Roughing It appeared in a well‐established contemporary genre at the time – that of emigrant sketches and autobiography. It was a genre that combined travel with a major demographic shift at the time; it was an opportunity to describe the frontier and far‐distant places, celebrate the wonders of nature, and cash in on commercial and literary fame. Susanna (1803‐1885) published a book about Spartacus in 1822 and a collection of poems in 1831. There were other books later, including an uneven sequel to Roughing It called Life in the Clearings (1853). She married John in 1830: he was already a published author with a book about South Africa, and he was a major collaborator to Roughing It. In fact, the text is more of a collaborative work than one by a sole author, a fact that has attracted textual critics and bibliographers over the years.
It is a book with another resonance, too: that it was published by Richard Bentley, one of the major publishers of travel books of his day. These various points make the book, historiographically and bibliographically, as well as textually, very interesting indeed. It has claims to literary and historical importance, too, because it has become an established text in Canadian literature (and editions have been published for students), and the storyline and tone of the text are interesting in their own right. This is not an idealized story in any way – there are times when the harvest is in and the views are striking, but on the whole the Moodie's experienced dangers and despair.

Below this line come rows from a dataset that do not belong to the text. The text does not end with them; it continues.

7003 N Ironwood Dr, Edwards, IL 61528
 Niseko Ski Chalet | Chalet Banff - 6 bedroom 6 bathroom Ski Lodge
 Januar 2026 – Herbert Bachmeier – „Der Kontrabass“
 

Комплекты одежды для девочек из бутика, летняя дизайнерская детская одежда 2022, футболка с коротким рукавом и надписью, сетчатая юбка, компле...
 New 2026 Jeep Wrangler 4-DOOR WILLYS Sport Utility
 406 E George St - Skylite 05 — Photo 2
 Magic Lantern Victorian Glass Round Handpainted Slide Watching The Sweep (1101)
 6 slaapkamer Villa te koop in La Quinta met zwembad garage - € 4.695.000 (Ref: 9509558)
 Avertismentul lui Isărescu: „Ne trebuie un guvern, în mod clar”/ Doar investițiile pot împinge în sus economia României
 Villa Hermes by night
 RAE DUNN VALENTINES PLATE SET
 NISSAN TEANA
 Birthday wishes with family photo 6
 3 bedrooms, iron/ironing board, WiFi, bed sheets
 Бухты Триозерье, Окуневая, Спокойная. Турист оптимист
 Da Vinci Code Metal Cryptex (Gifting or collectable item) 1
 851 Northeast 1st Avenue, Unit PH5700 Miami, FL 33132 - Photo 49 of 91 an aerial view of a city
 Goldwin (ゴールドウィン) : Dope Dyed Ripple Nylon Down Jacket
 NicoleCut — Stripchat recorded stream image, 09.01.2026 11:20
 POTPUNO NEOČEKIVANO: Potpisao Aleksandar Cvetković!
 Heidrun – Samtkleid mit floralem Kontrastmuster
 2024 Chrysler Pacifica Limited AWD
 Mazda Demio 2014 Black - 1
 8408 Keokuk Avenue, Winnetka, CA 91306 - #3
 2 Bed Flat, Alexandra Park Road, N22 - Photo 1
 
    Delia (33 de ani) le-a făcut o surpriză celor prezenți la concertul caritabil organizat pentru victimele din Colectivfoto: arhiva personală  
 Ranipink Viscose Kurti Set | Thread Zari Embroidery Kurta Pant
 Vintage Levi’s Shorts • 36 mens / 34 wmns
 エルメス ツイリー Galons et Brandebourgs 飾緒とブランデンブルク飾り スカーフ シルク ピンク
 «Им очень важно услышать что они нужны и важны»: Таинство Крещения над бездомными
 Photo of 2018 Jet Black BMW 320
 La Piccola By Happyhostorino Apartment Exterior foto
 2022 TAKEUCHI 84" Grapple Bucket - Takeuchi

Their arrival at Quebec was a rude awakening. Their backwoods land was hard to work, the winters were severe, ruthless money‐lenders, and illness ever‐present. So outspoken is Susanna about these things (hers is the main part of the book, with John providing factual background) that reaction to the book in Canada, as to Frances Trollope's Domestic Manners of the Americans (1832), was hostile. Emigration was not only popular and often founded on ignorance and idealism: there were vested national interests and criticism like Roughing It, telling it “like it is”, were unwelcome. The Moodies were also seen as snobs, with their literary aspirations. While in Canada, both succeeded in publishing both prose and poetry for (often short‐lived) magazines like the Literary Garland. These and other factors make the book a popular focus for literary criticism and historical interpretation, above all where evidence from the journals of the Moodies (edited by Margaret Attwood, 1970), their letters (edited by Carl Ballstadt, 1985), and biographical evidence about Susanna and Catharine (by Charlotte Gray, 2000) are taken into account. Her distinctive female viewpoint on the events and experiences of her time in Canada has made it attractive to women's studies courses.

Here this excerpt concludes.